Details on the Checkpoints
- For the pretrained networks in MobileNetV2, we bring the weights from timm and rename the keys. This is the same pretrained weight used in the baseline work (DepthShrinker).
- For the pretrained networks in VGG19, we bring the weights from torchvision and rename the keys.
- For the compressed networks, we provide the weights of both finetuned and merged networks in MobileNetV2, and provide the weights of merged networks in VGG19.
- It is worth noting that we finetune the network after fixing the $A$ and $S$, and then merge the network at the test time. Checkpoints that end with merged denotes the weights of the merged networks.

Solving DP from the Table

Path to the DP tables

Here, we provide the tables necessary to obtain $A$ and $S$ (ImageNet dataset). Precisely, we provide

Optimal time table $T_{\text{opt}}$ (result of soving Algorithm 1 in Section 4):
- Provided under utils/table/ directory.
Normalized & extended importance table $I_{\text{opt}}$ (result of soving Algorithm 3 in Appendix B):
- Link : download
- Download the tables from the link and unzip at the root.
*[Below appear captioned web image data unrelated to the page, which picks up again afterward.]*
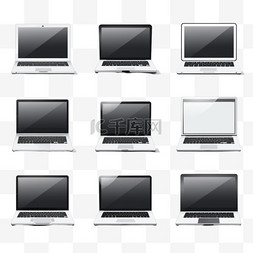 台式机键盘图片_一套笔记本电脑和电脑矢量插图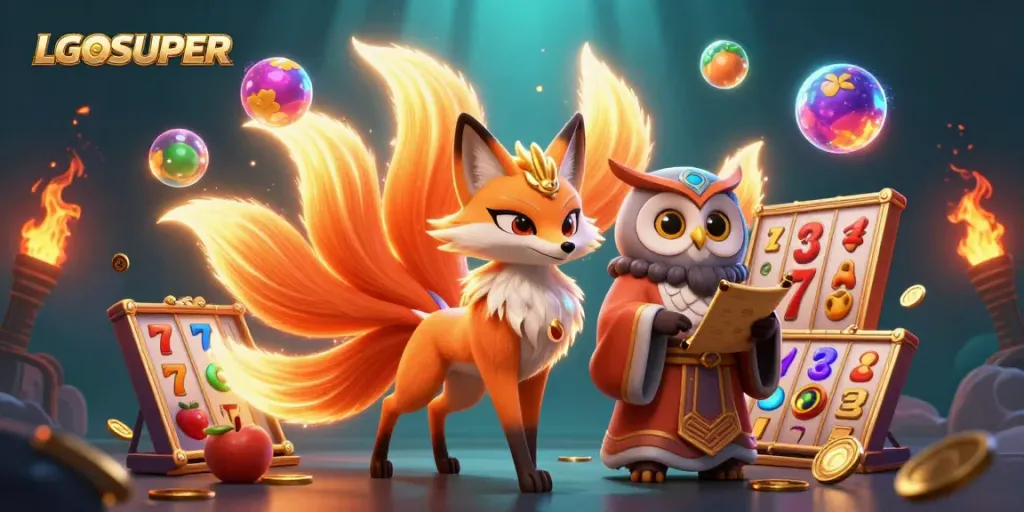 Win big with LGOSUPER as the nine-tailed fox spirit glows with vibrant tails amidst a dynamic slot-themed illustration.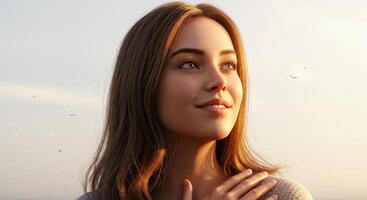 Serene young woman gazes hopefully at the sky with a peaceful expression photo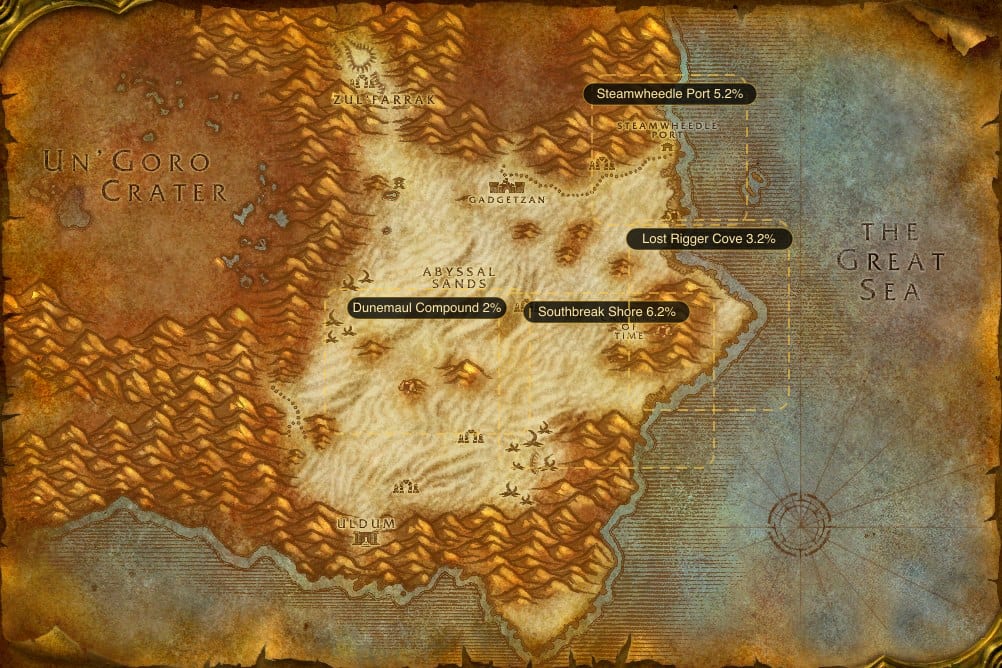 Map of Tanaris showing where to fish Raw Summer Bass: 4 named stretches of water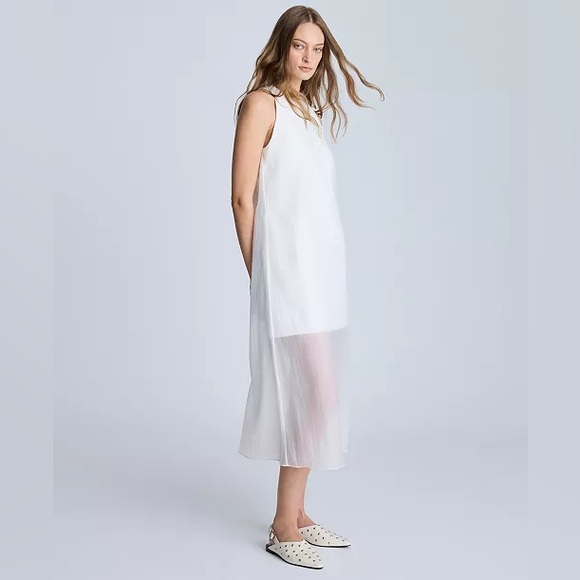 Kenneth Cole Women's Sheer-Overlay White Midi Dress - Picture 3 of 10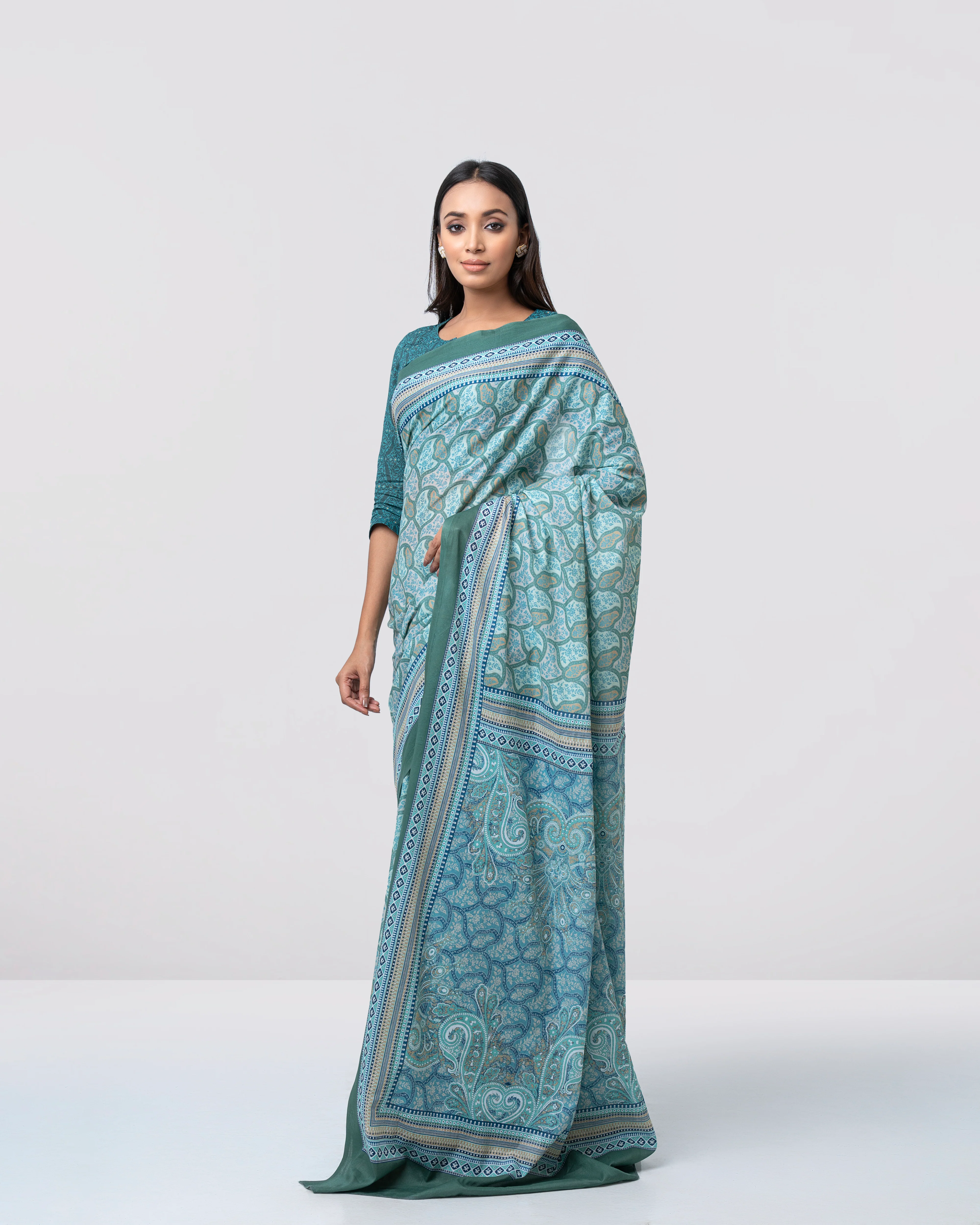 Digital Printed Cotton Saree - Image 4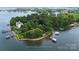 Beautiful aerial view of waterfront property with mature trees at 2818 Cherry Ln, Denver, NC 28037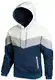 Hoodie Herren Pullover Sweatshirt Farbblock Vlies Langarm Kapuzenpullover Sweatjacke mit Tasche weiß Grau Blau M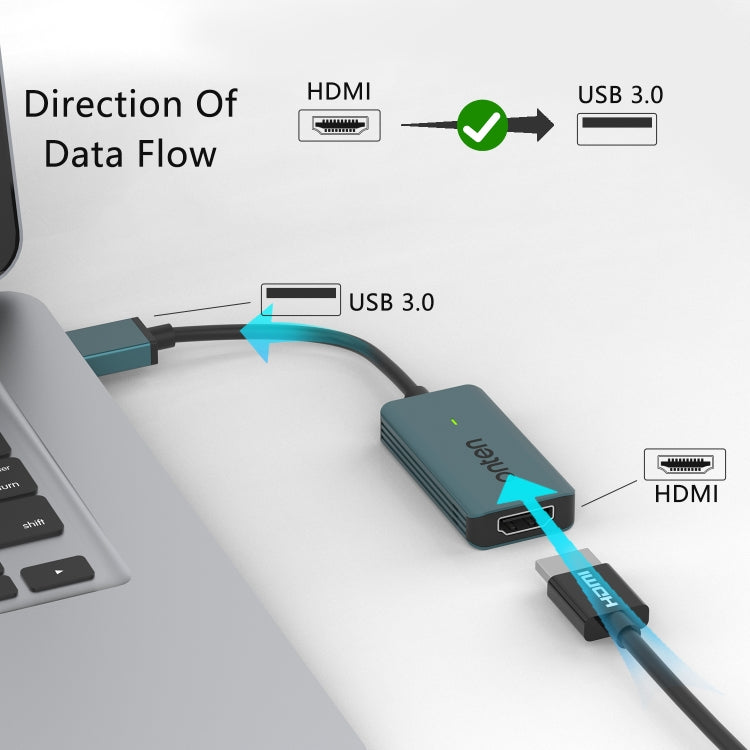Onten US331 USB Video Capture Card, Length:13cm - Green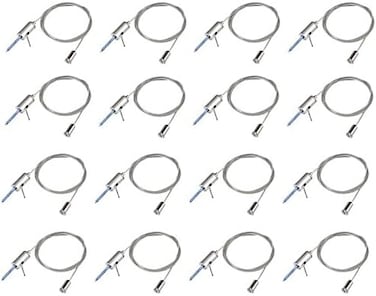 OTTFF 16 Pcs Lighting Light Suspension Cables Kit Hanging Chains, Per Strip Load 6.6 Ib &amp; 3 ft for LED Panel Light LED Shop Lights Aquarium Lights,Attachments Included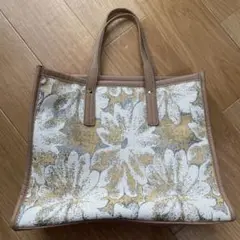 ジャガード　トートバッグ　花柄　バック　A4
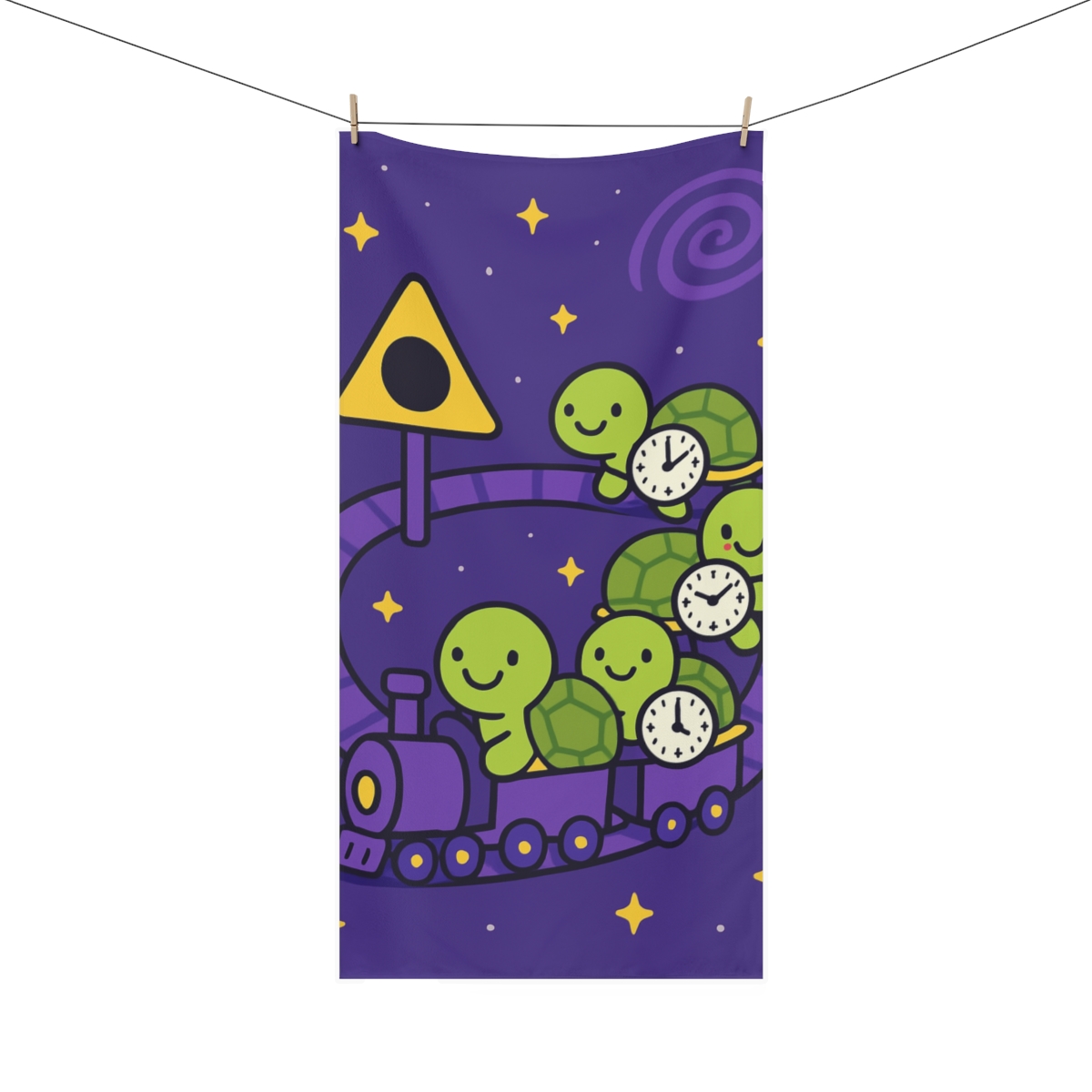Time Dilation Train Of Turtles personalized bath towels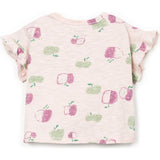 Apple Print Flutter Sleeve T-Shirt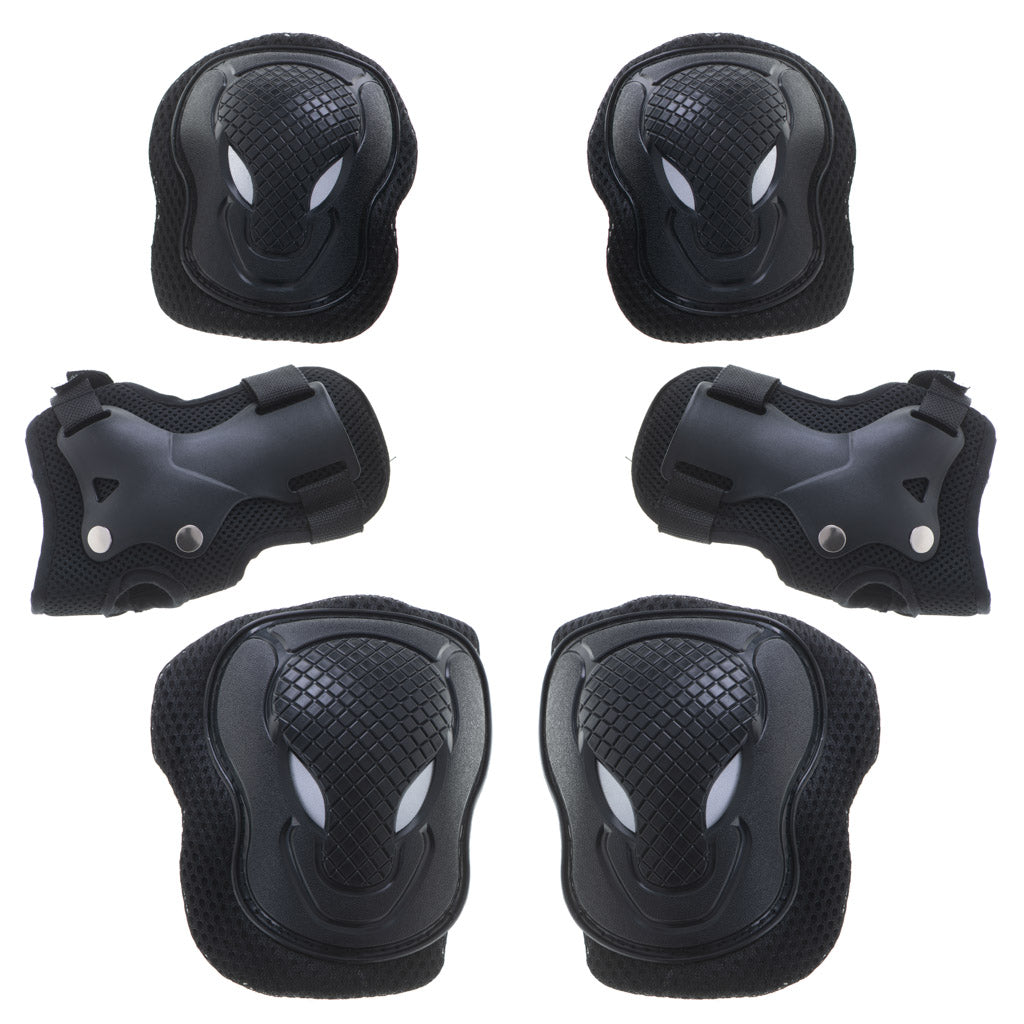 L-brno Knee Elbow Wrist Protectors Roller Bike Scooter Set Black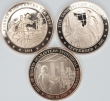 Set of 3 Collectible Franklin Mint Bronze Medals from the History of the U.S. Series - Barbed Wire, Bill of Rights, Constitution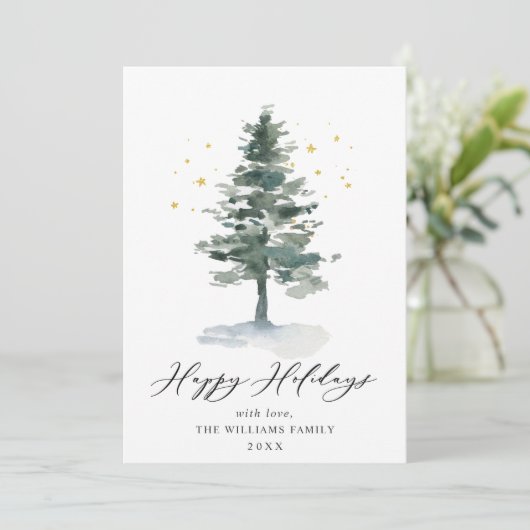 Minimaal Elegant Pine Tree Kerstmis 3 Foto Feestdagenkaart (Staand voorkant)
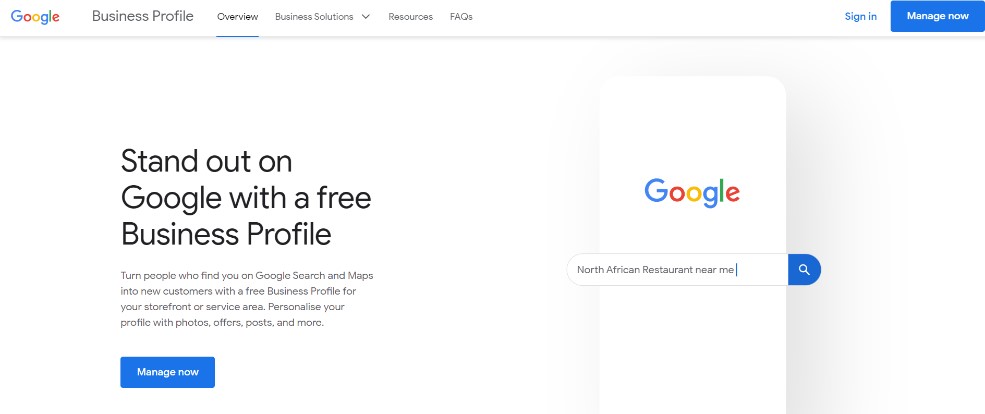 Homepage for Google Business Profile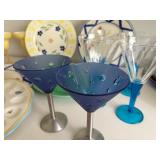 Fun Colorful Entertaining Lot with Plates, Plastic Martini Glasses & Egg Server
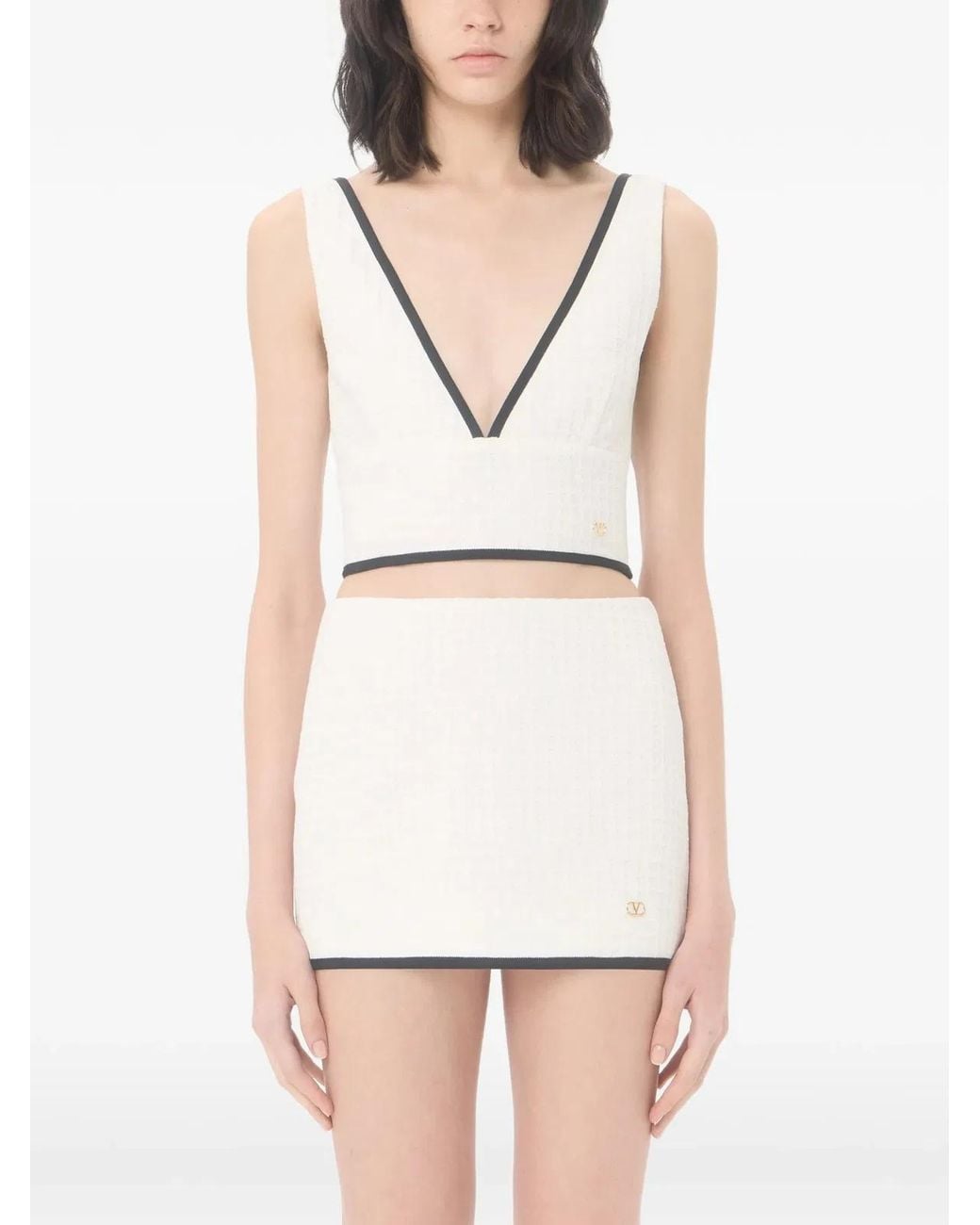 Valentino Garavani Natural Canestrello Cotton Tweed Top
After you unzip the importance tables, you will have necessary files as follows:

Table	Networks	Path
$T_{\text{opt}}$	MBV2-1.0	`utils/table/mbv2_1.0/opt_time_fish_gpu1_1228.csv`
	MBV2-1.4	`utils/table/mbv2_1.4/opt_time_fish_gpu1_0103.csv`
	VGG19	`utils/table/vgg19_no_trt/opt_time_fish_gpu1_0317.csv`
$I_{\text{opt}}$	MBV2-1.0	`exp_result/dp_imp/mb_v2_w1.0_ie1_ild_cos_ex/ext_importance_s_val_acc_n_single_a_1.6.csv`
	MBV2-1.4	`exp_result/dp_imp/mb_v2_w1.4_ie1_ild_cos_ex/ext_importance_s_val_acc_n_single_a_1.2.csv`
	VGG19	`exp_result/dp_imp/vgg19_ie1_ild_cos/ext_importance_s_val_acc_n_single_a_1.4.csv`

Obtaining the optimal sets (A and S)

To obtain the optimal sets ($A$ and $S$) for different neural networks, execute the following commands. Make sure to specify the time budget ($T_0$) by using the --time-limit option in the command.

MobileNetV2-1.0

python exps/solve_dp.py \
-c exp_result/dp_solve/mb_v2_w1.0_ie1_ild_cos_n_single_a_1.6 \
-f checkpoint.pth \
--time-limit {$T_0} \
--act-num 50 \
--time-path utils/table/mbv2_1.0/opt_time_fish_gpu1_1228.csv \
--imp-path exp_result/dp_imp/mb_v2_w1.0_ie1_ild_cos_ex/ext_importance_s_val_acc_n_single_a_1.6.csv \
--prec 20 \
--chk-time-path utils/table/mbv2_1.0/time_fish_gpu1_1228.csv

MobileNetV2-1.4

python exps/solve_dp.py \
-c exp_result/dp_solve/mb_v2_w1.4_ie1_ild_cos_n_single_a_1.2 \
-f checkpoint.pth \
--time-limit {$T_0} \
--act-num 50 \
--time-path utils/table/mbv2_1.4/opt_time_fish_gpu1_0103.csv \
--imp-path exp_result/dp_imp/mb_v2_w1.4_ie1_ild_cos_ex/ext_importance_s_val_acc_n_single_a_1.2.csv \
--prec 20 \
--chk-time-path utils/table/mbv2_1.4/time_fish_gpu1_0103.csv

VGG19

python exps/solve_dp.py \
-c exp_result/dp_solve/vgg19_ie1_ild_cos_n_single_a_1.4_no_trt \
-f checkpoint.pth \
--time-limit {$T_0} \
--act-num 16 \
--time-path utils/table/vgg19_no_trt/opt_time_fish_gpu1_0317.csv \
--imp-path exp_result/dp_imp/vgg19_ie1_ild_cos/ext_importance_s_val_acc_n_single_a_1.4.csv \
--prec 10 \
--chk-time-path utils/table/vgg19_no_trt/time_fish_gpu1_0317.csv

After it completes, you can find the results in the checkpoint.pth file, which contains a dictionary with keys act_pos and merge_pos, corresponding to the set $A$ and $S$.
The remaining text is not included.